FORTVILLE — When Fortville hosts its annual Winterfest next Saturday, Dec. 3, visitors will have plenty of places to sit and enjoy a cup of hot cocoa thanks to the addition of two public gathering spaces over the past few months.
A volunteer-driven nonprofit called Fortville Action, Inc. converted an unused alleyway into a brightly-lit gathering space called The Alley this past summer.
This fall the same group created a similar space called The Patio at the south end of town, on a stretch of Main Street that was permanently closed to traffic earlier this year.
Both areas — just a few hundred feet apart — are set off by ornate signs in bright, gold lettering.
Throughout the fall, the spaces were decked out with pumpkins and gourds, creating a picture-perfect autumn backdrop.
Earlier this week Fortville Action volunteers swapped out the fall touches with holiday decor, transforming the spaces into festive areas for visitors to sit and relax while shopping and celebrating this holiday season.
“They really are amazing places to sit and enjoy being outside,” said Jeff Wyatt, co-owner of the 305 Wine Garage, which sits right next to The Patio on Main Street.
Wyatt said the gathering spaces are a big boon for downtown businesses, which he says benefit from having such an inviting downtown.
“Fortville to us is that perfect small town. It has a great community feel,” said Wyatt, who co-owns the wine garage with his wife Libby and another couple. He and his wife also own Libby’s Ice Cream & Gifts, with locations in Fortville and Greenfield.
Wyatt had high praise for the Fortville Action volunteers who created the downtown gathering spaces, doing most of the fundraising and handiwork themselves.
Over the summer, FAI members worked with local merchants and town officials to create The Alley — a 15-foot-wide alleyway between two buildings just across from the Fortville post office on Main Street.
What was once a darkened corridor is now a vibrant space with patio lights strung from posts throughout the 135-foot-long alleyway, with benches and tables situated beneath decorative sails overhead.
Fortville Action carried that same aesthetic over to The Patio, an inviting 30-by-90-foot space featuring benches, octagon-shaped picnic tables and patio lights strung from poles secured within decorative wooden barrels.

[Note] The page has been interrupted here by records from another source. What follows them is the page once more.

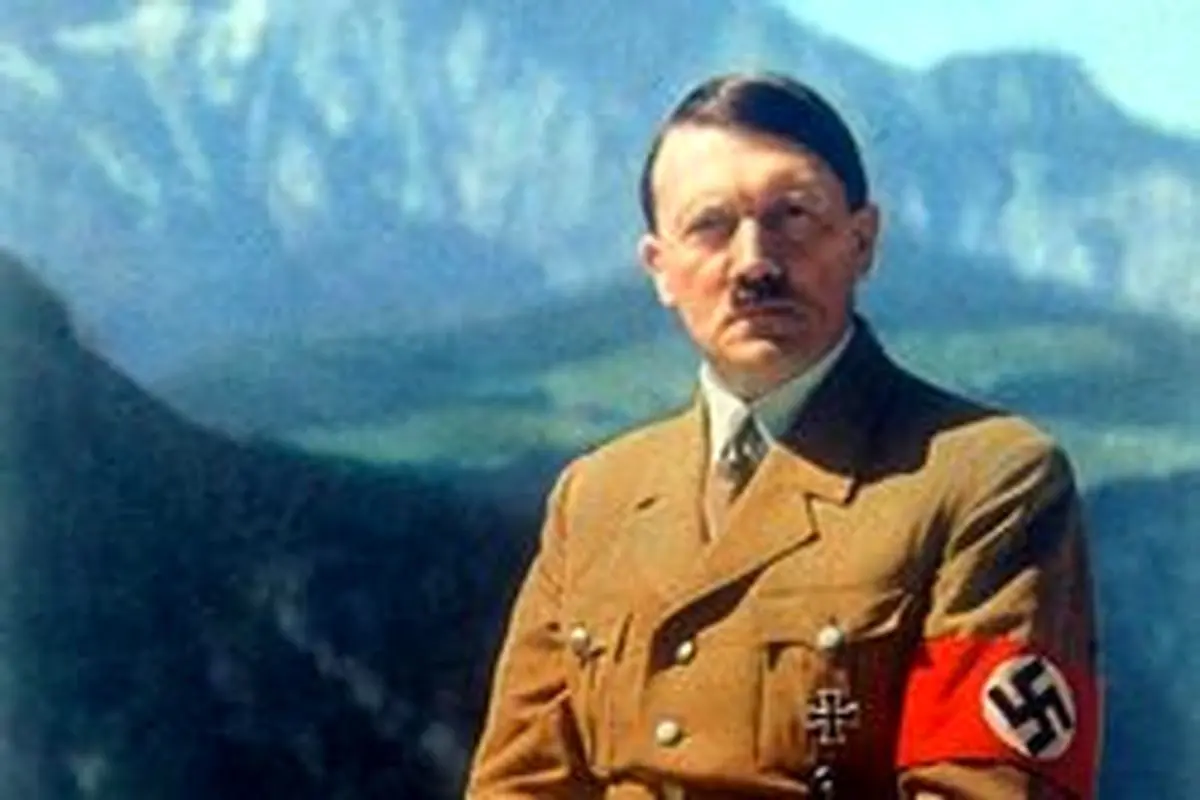 چرا تلاش هیتلر برای هنرمند شدن بی‌فایده بود؟
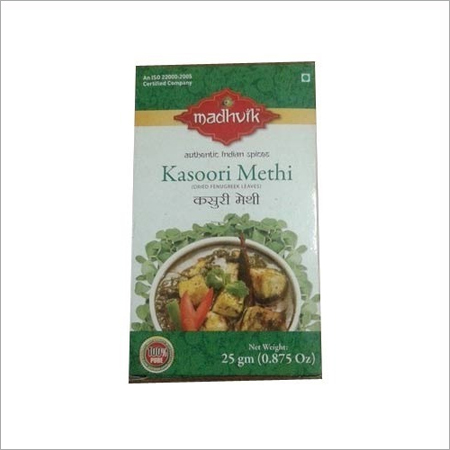 Kasoori Methi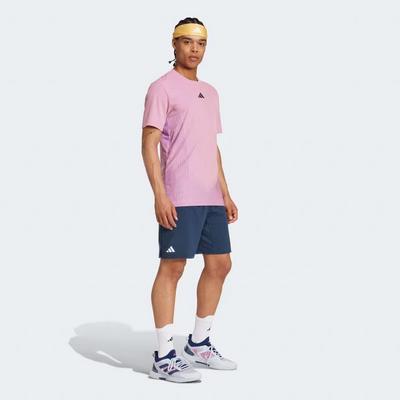 Adidas Mens Ergo Shorts - Navy - main image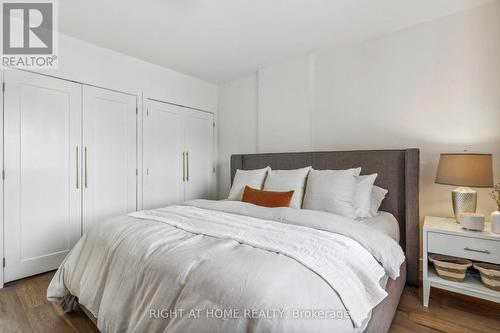 141 O'Connor Drive, Toronto, ON - Indoor Photo Showing Bedroom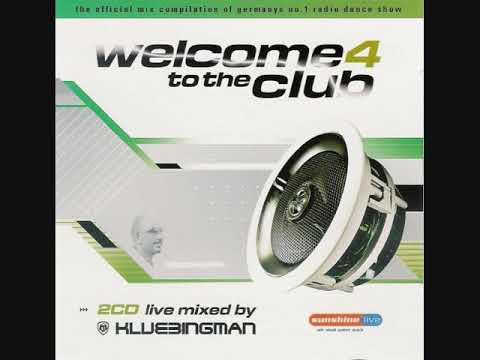 Welcome To The Club 4 - CD2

The barrels were donated by Moondrops Distillery in Fortville, one of the many local businesses to support the FAI’s efforts to beautify the downtown.

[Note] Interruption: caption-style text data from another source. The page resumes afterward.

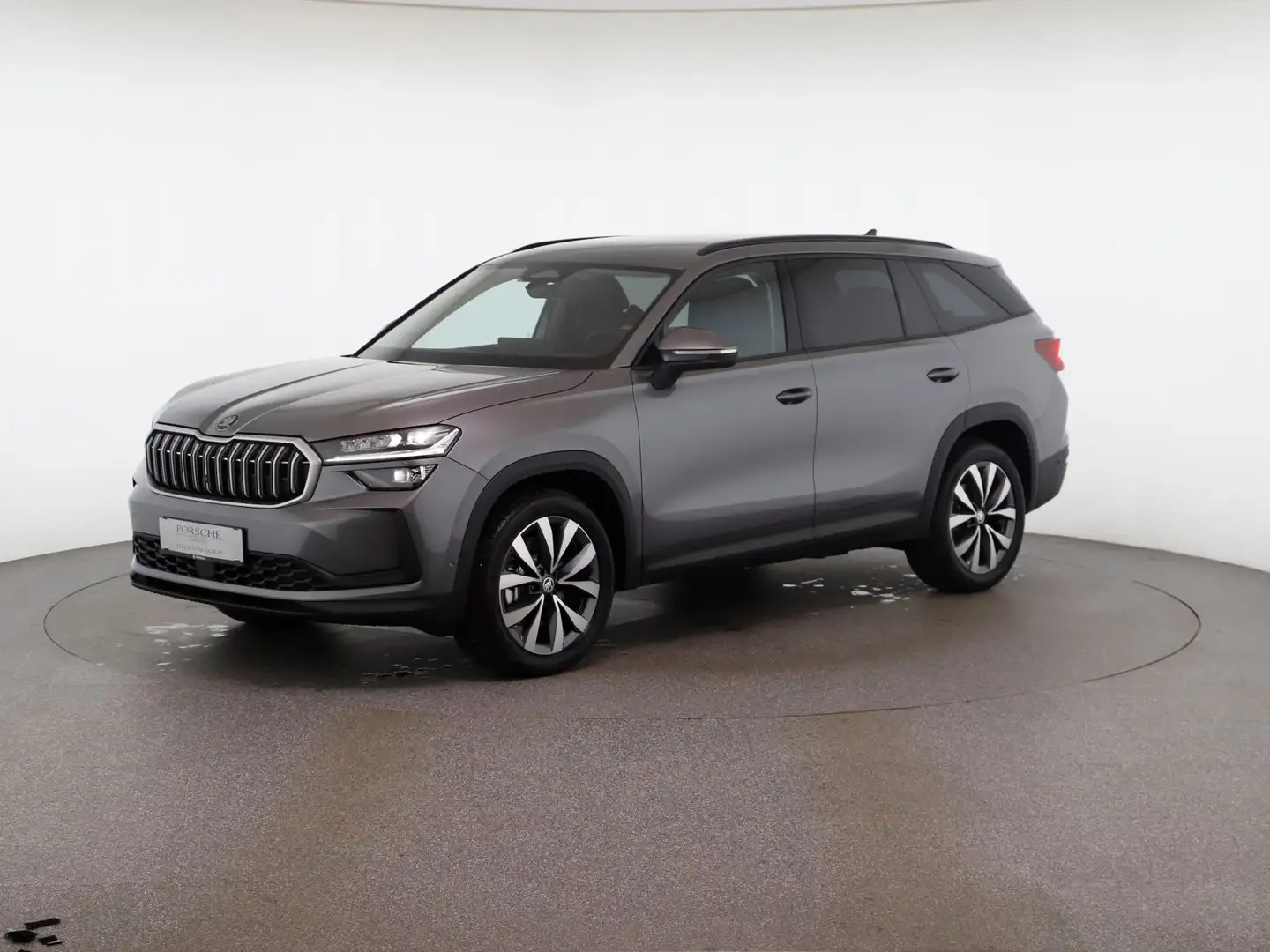 Skoda Kodiaq Selection TDI DSG Grau - 1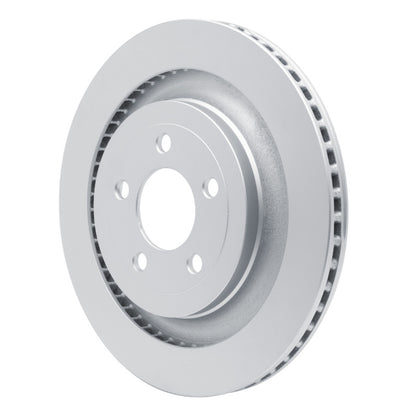 DFC 15-23 Ford Mustang Rear Hi-Carbon Alloy Geomet Coated Rotor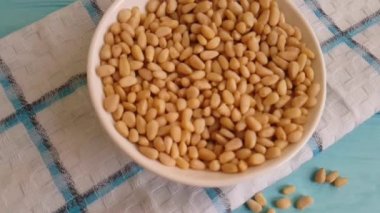 çam fıstığı mavi ahşap renkli kurulama bezi, sedir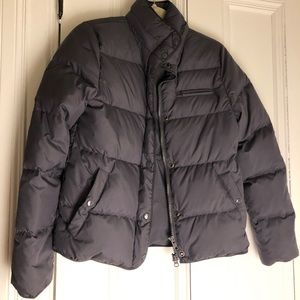 XS J Crew women’s 80% down puffer jacket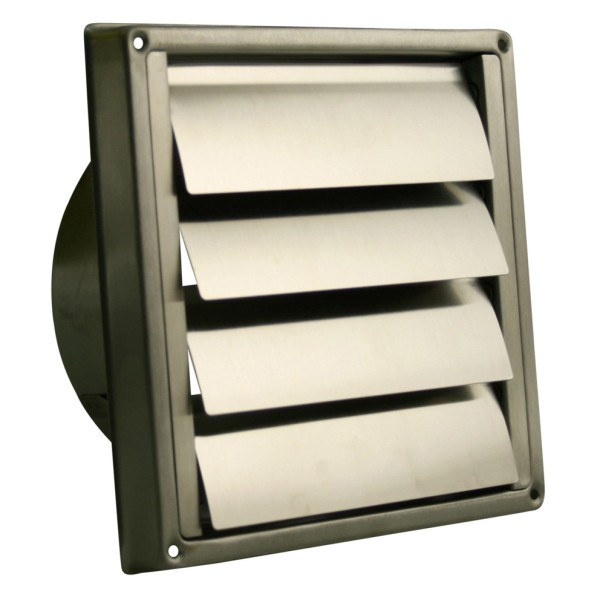 Selbsttätige Verschlussklappe Ø 150 mm Edelstahl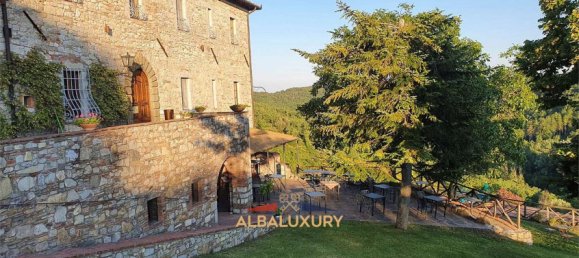 13 rooms Hotel in Castellina in Chianti, Italy No. 102383 28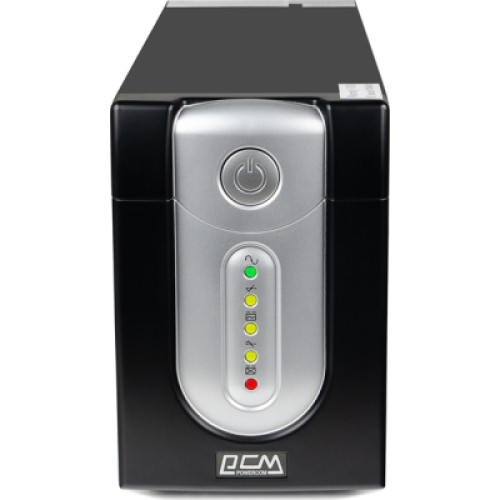 Источник бесперебойного питания Powercom IMP-3000AP Schuko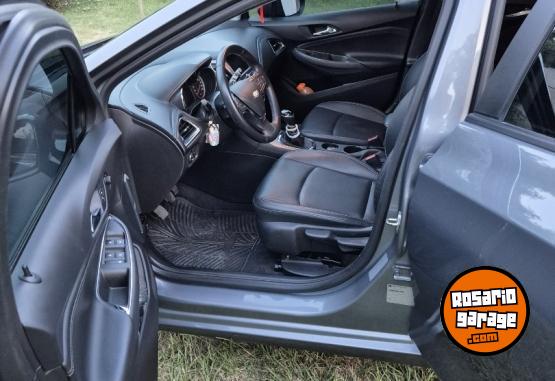 Autos - Chevrolet Cruze 2021 LT MT 2021 Nafta 58000Km - En Venta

In the past, the nonprofit focused on hosting events like the town’s popular Winterfest and summer concert series, but the volunteers have shifted their focus to creating more lasting projects throughout town.

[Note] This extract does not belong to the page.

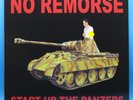 No Rmrse - Start Up The Panzers clear green LP ISD rebelles ROR rock-o-rama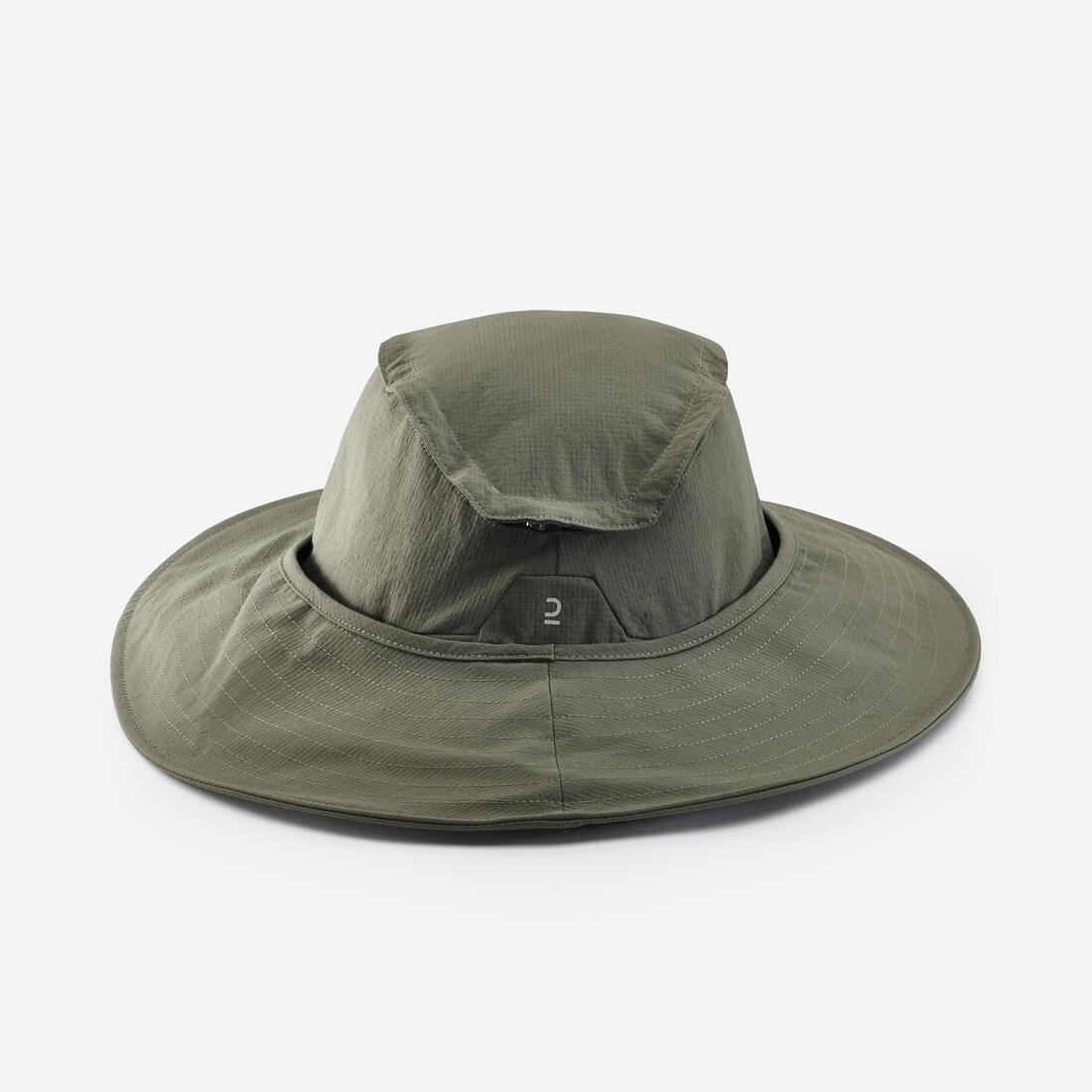 Chapeau anti-moustique Homme -TROPIC 900 Kaki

“We thought if we could come up with projects every year instead of events we could make an impact that last for years, rather than just one day,” said FAI’s chairman Bob Sterrett, who lives in downtown Fortville with his wife, Milda, a fellow volunteer.
Winterfest has been handed over to the Fortville Parks Department, allowing Fortville Action volunteers to focus on more endeavors like the alley and patio projects.
They got a big boost from the Hancock County Community Foundation, which awarded a $15,000 grant for The Alley and another $2,500 grant for The Patio.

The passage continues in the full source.